Buluşma anı ve zamanı.
Neyle ve nasıl?
*******
İnsan, dünyaya gelirken hiçbir söz hakkı olmadığı gibi, dünyadan ayrılırken de hiçbir müdahale gücüne sahip değildir. Doğum irademiz dışında olduğu gibi, ölüm de kaçınılmaz bir hakikattir. Allah Teâlâ buyuruyor:
> “Her nefis ölümü tadacaktır. Sonra ancak yaptıklarınızın karşılığı size eksiksiz verilecektir. Kim cehennemden uzaklaştırılır ve cennete konulursa, işte o kurtuluşa ermiştir. Bu dünya hayatı aldanıştan başka bir şey değildir.” (Âl-i İmrân, 185)
Ölüm, bir son değil; ebedî hayatın başlangıcıdır. Ancak asıl mesele, bu başlangıcın hangi hâlde olacağıdır.
- Ölüm: Yakalanma Anı
Ölüm, Rabbimizin verdiği hayatı, nefesi, imkânları O’nun yolunda kullanmayanlar için yakalanma anıdır.
Onun emirlerini hiçe sayan, yasaklarını inkâr edenler için ölüm, ansızın yakalanış ve hesaba çekiliş demektir.
“Nerede olursanız olun, ölüm sizi bulacaktır; sarp ve sağlam kalelerde bile olsanız.” (Nisâ, 78)
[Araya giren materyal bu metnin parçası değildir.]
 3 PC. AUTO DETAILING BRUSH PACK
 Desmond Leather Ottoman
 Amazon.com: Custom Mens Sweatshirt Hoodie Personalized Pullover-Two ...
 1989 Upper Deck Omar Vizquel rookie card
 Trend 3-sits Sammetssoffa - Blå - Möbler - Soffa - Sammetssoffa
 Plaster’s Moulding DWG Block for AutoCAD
İşte o vakit, kaçış yoktur. Ayet soruyor:
> “O gün insan: ‘Kaçacak yer var mı?’ diyecek. Hayır! O gün sığınacak hiçbir yer yoktur. O gün varış ancak Rabbinin huzurunadır.” (Kıyâme, 10-12)
- Sorgu: “Eynel Mefer?”
Kabir kapısı açıldığında sorgu başlar. Melekler insana, ömrü boyunca yüzleşmekten kaçtığı soruları soracaktır:
Rabbin kim?
Dinin ne?
Peygamberin kim?
Bu sorular, sadece ezberle değil; yaşanmış bir hayatın şahadetiyle cevaplanacaktır. Allah’ın kelamına kulak asmayan, onun gösterdiği yolu terk edenler ne cevap verecekler?
Kur’ân buyuruyor:
> “O gün dilleri, elleri ve ayakları işledikleri şeylere şahitlik edecektir.” (Nur, 24)
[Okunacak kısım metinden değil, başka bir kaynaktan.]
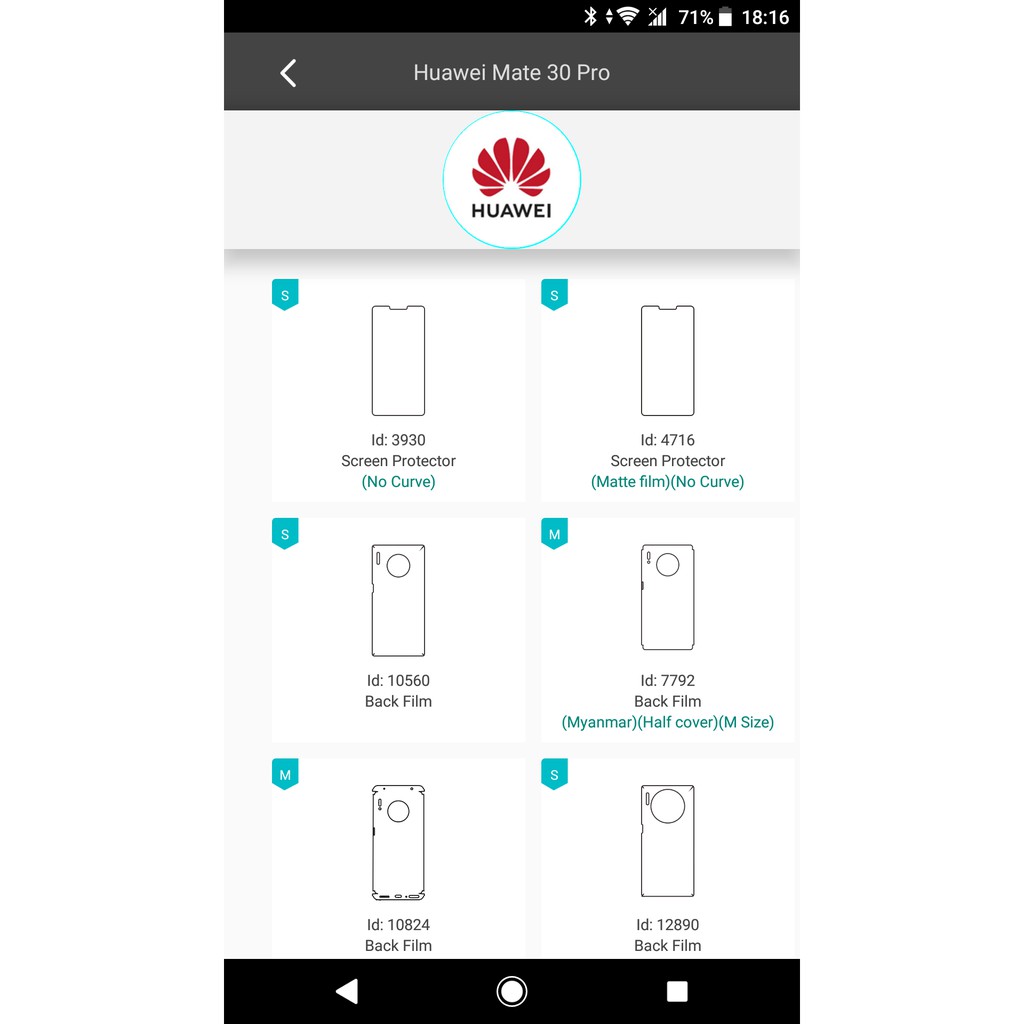 Miếng dán PPF Huawei Mate 30 / Mate 30 Pro / Mate 30 Pro 5G / Mate 30e / Mate 30 RS Japan Nano Premium màn hình mặt lưng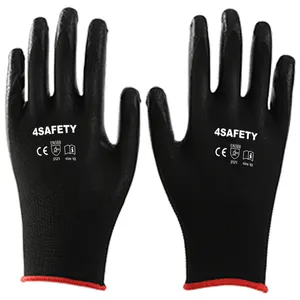 CE证书13号黑色腈涂层工作安全手套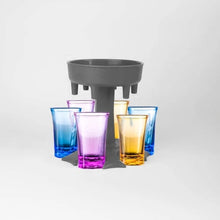 Cargar imagen en el visor de la galería, CHUPILANDIA | PORTADOR & DISPENSADOR DE CHUPITOS | 6 VASOS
İşte, inkârcının savunması kendi azaları tarafından boşa çıkarılacaktır.
- Hesap ve Yüz Kızarması
Günahkâr kulun yüzü kızaracak, dili tutulacaktır. Allah Teâlâ şöyle buyurur:
> “O gün zalim kimsenin mazereti fayda vermez, lanet onundur, kötü yurt da onun.” (Mümin, 52)
> “O gün suçlular Rabbinin huzurunda başları öne eğik: ‘Rabbimiz! Gördük, işittik, bizi geri gönder de salih amel işleyelim. Artık kesin olarak inandık.’ derler.” (Secde, 12)
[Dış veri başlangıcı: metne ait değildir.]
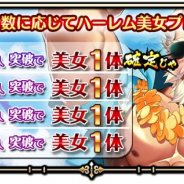 エクスカリバー、『【究極放置RPG】ハーレム伝説~俺の時代がやってきた~』で事前登録が3333人を突破 ハーレム美女1体が確定
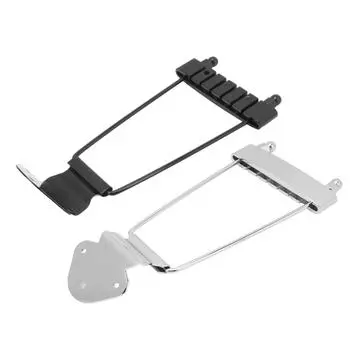 Гитара трапеция бридж 6 струн джазовая гитара струнодержатель сменный металл с винтами Black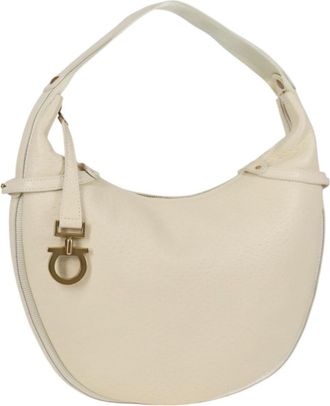 Ferragamo Gancini Hobo Leather Leather Handbag (Pre-Owned)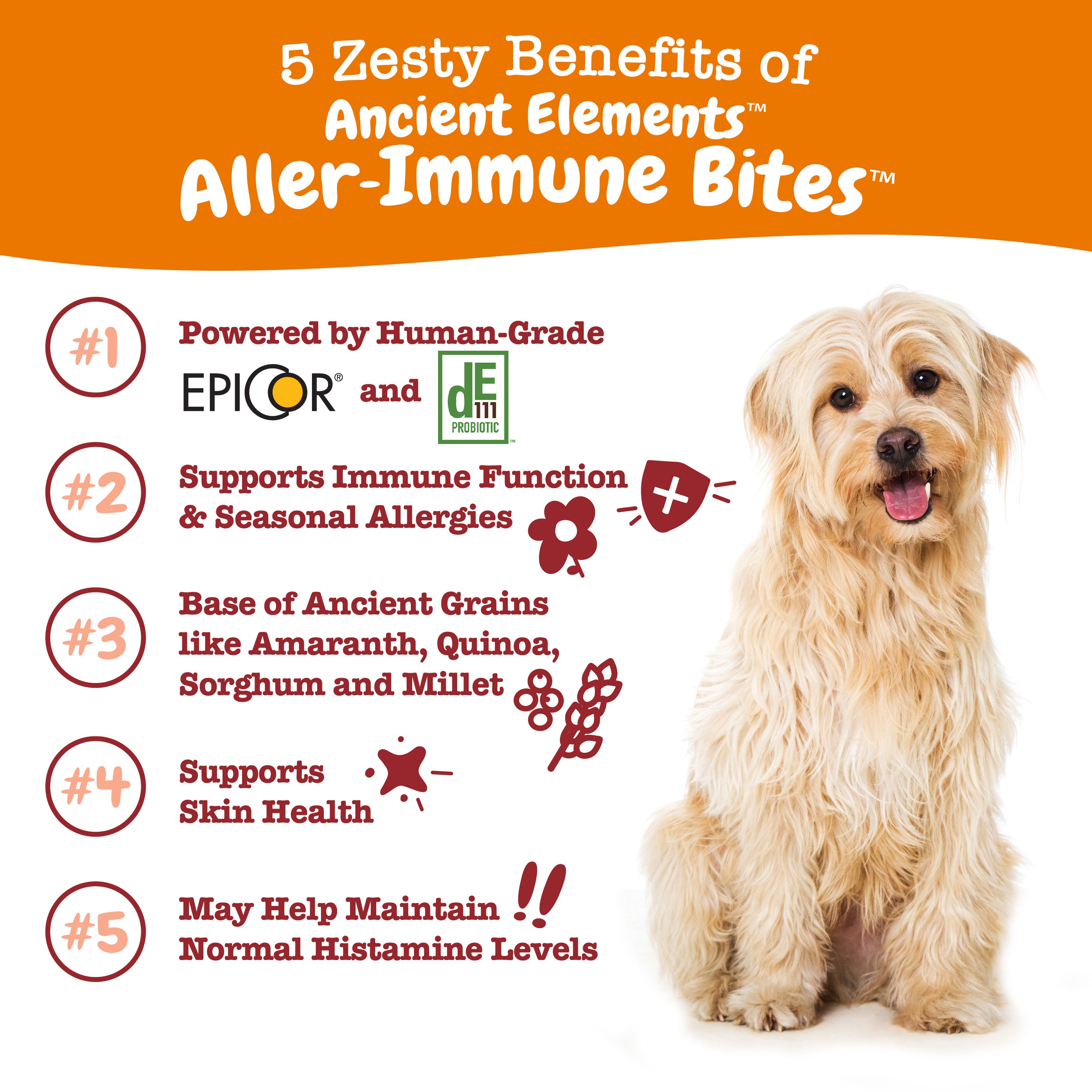 Ancient Elements™ Aller-Immune Bites™ for Dogs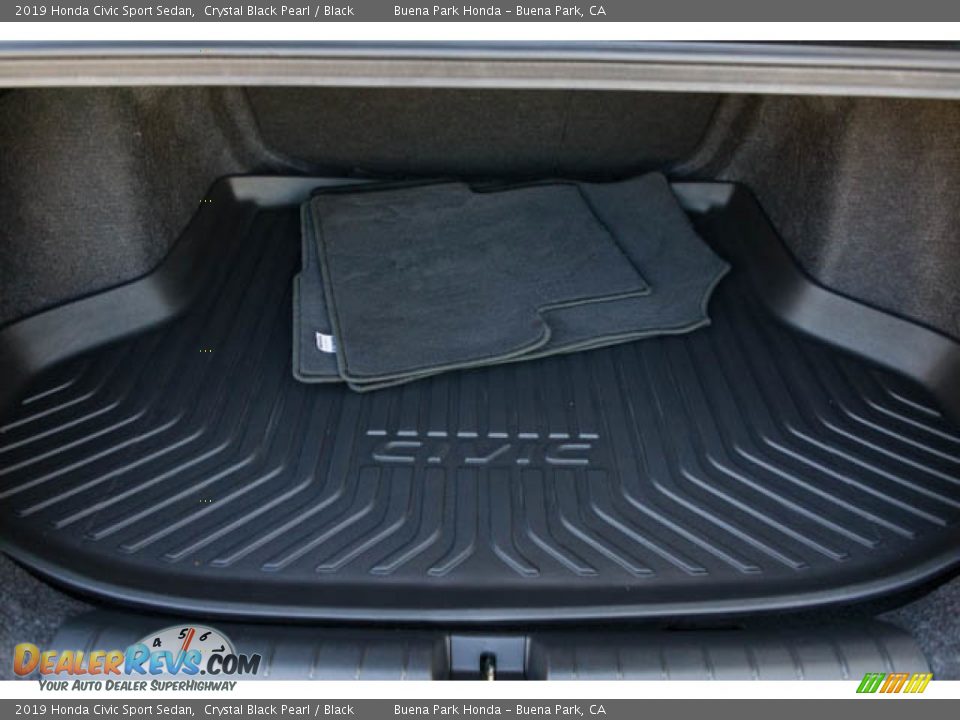 2019 Honda Civic Sport Sedan Crystal Black Pearl / Black Photo #19
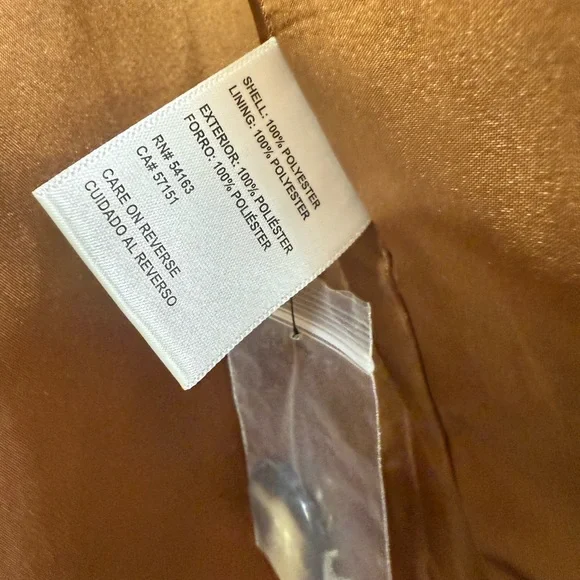 DKNY Women's Tan Trench Coat - Picture 5 of 6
Fakat iş işten geçmiş olacak, geri dönüş kapısı kapanacaktır.
- Dünya: Bir İmtihan Yurdu
Hayat, bir imtihandır. İnsana verilen ömür, aslında ebedî hayat sermayesidir. Allah Teâlâ buyuruyor:
> “Sizi boşuna yarattığımızı ve bize döndürülmeyeceğinizi mi sandınız?” (Müminûn, 115)
Dünyada geçirilen her nefes, ahirette sorgulanacaktır.
Ömür nerede tüketildi?
Gençlik nerede harcandı?
Mal nereden kazanıldı, nereye harcandı?
Beden Allah’a nasıl kulluk etti?
- Kurtuluş Yolu
Ölümün ardından başlayan sorguda kurtulmak isteyenin yolu açıktır:
Allah’ın emirlerine boyun eğmek,
Günahlardan sakınmak,
İmanı hayatın merkezine almak,
Salih amellerle ömrü bereketlendirmek.
Kur’ân’ın müjdesi şöyledir:
> “Rabbimiz Allah’tır deyip sonra dosdoğru olanlara, melekler iner ve derler ki: Korkmayın, üzülmeyin; size vaad edilen cennetle sevinin!” (Fussilet, 30)
Sonuç: Kaçış Yok, Hesap Var
Evet, ölümle başlayan sorgu çetin, hesap ağırdır. Kaçış yoktur.
“Eynel mefer? – Kaçış nereye?” (Kıyâme, 10) sorusu orada yankılanacak.
O hâlde, asıl akıllı insan;
Ölmeden önce ölüme hazırlanan,
Hesaba çekilmeden önce nefsini hesaba çeken,
Allah’a kavuşmayı arzu eden insandır.
Çünkü ölüm, ebedî ayrılık değil; asıl sahibine dönüş yolculuğudur.